If North America follows the same renewable energy mandates as Europe, this could represent a huge opportunity for the railroad industry. Rail is definitely the most efficient way to transport wood pellets for the envisioned transit between the US southeast and northeast because of the massive tonnage capacity. It would take 200 to 300 trucks to move the same volume of wood pellets that can be transported by one intermodal train (Lowe 2009).
Qian and McDow (2013) described three principal ways to deliver wood pellets from a plant to a port: truck, rail, and barge. Road transportation is the most common method to deliver wood products, given its flexibility. Several large pellet producers use rail and barge instead. The southeastern U.S. can offer wood pellets at a competitive price mainly because of the existing infrastructure of ports, rail, and roads to deliver wood pellets to nearby deep-water ports. For example, Green Circle uses trains to run their freight from the plant (Cottondale, FL) to the Panama City Port at a contract rail rate not more than $7/ton (Norris 2011). Georgia Biomass is also transporting wood pellets by rail car to the Savannah port to limit FOB (Free On Board) cost. Wood pellets from Enviva’s Amory facilities are shipped by barge through the Tombigbee River and stored in the barge until they are loaded to a maritime shipping vessel. Under the scenario of transporting by truck, the delivery cost would range from $7.5 to $15/tonne pellet when the distance of transportation increases from 50 to 100 miles (Qiam and McDow 2013).

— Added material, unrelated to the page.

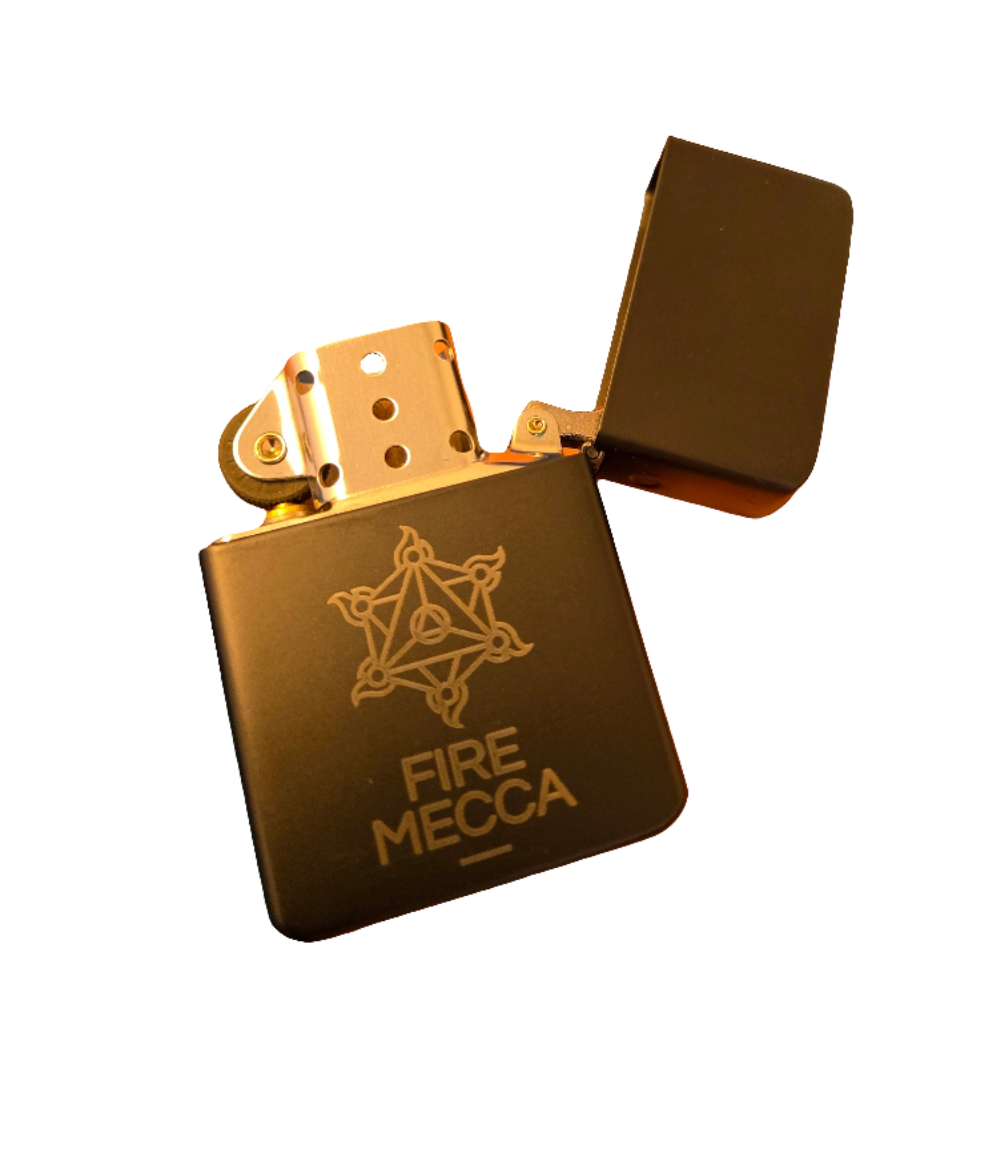 Fire Mecca Engraved Lighter - Matte Black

Wood pellets are produced economically and stored in bag or loose form depending on the end user’s need, type, and supply system. For a short distance supply, truck transport is more realistic. Two possibilities are taken into account concerning long distance transport. For ship transport, pellets are transported to a nearby harbor from where they are shipped to the destination country’s import terminal. For train transport it is assumed that the biofuels are directly transferred on a freight train. In the destination country the pellets are delivered to an energy plant or other end-user from the harbor to the end-user if ship transport is employed.
Wood pellet transport systems can have a number of transfer points, depending on the location of the end-users. Previous studies have described the logistical and transportation system of exporting pellets from British Columbia, Canada to Sweden or the Netherlands (Hoque et al. 2006), where four possible transfer points were assumed: the production site, two transport terminals (export and import), and the end user (energy plant in Sweden or the Netherlands). An example is shown in Fig. 1.

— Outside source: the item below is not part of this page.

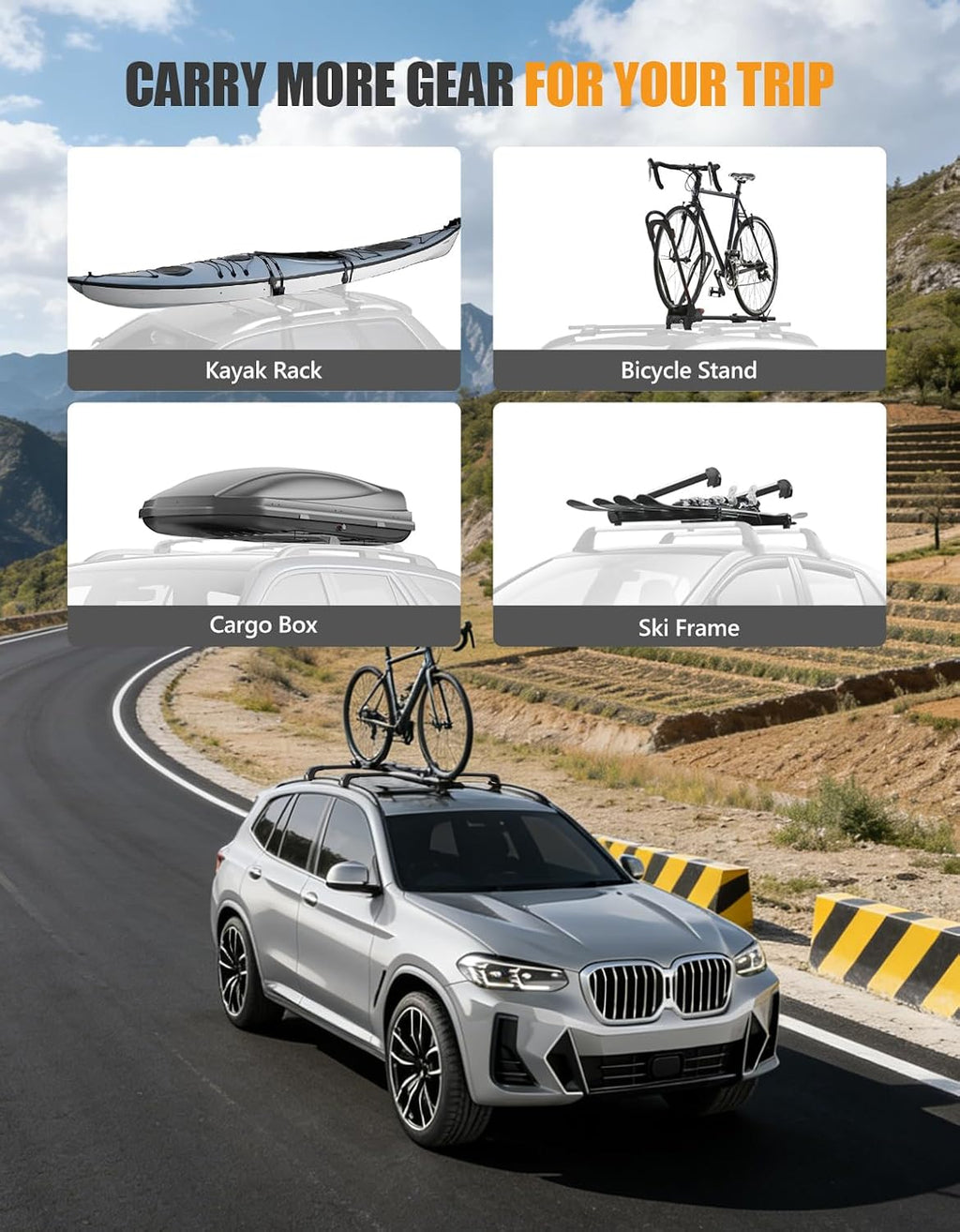 KINGGERI 330lb Lockable Roof Rack Cross Bars Compatible with BMW X3 G01 2018-2026 with Flush Side Rails, Heavy Duty Rooftop Aluminum Roof Rails Crossbars Cargo Anti-Theft Luggage Accessories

Other studies (Hamelinck et al. 2005) included an extra gathering point between the production sites and the terminals. Local transport to a central gathering point, harbor, or conversion facility takes place by truck. Long-distance transport is done by train or ship. Some key operational variables when transporting pellets are the transport distance, capacity, product weight, product volume, fuel consumption, load factor, and transfer time and cost. Magelli et al. (2009) studied the logistics of transporting the product from Prince George to Vancouver, in which wood pellets were loaded onto a CN (Canadian National) train, and then transported to New Westminster before arrive at the Vancouver Port using the BNSF railway connection. This study showed that up to 40% of the energy content is consumed in producing and transporting wood pellets from Canada to Europe.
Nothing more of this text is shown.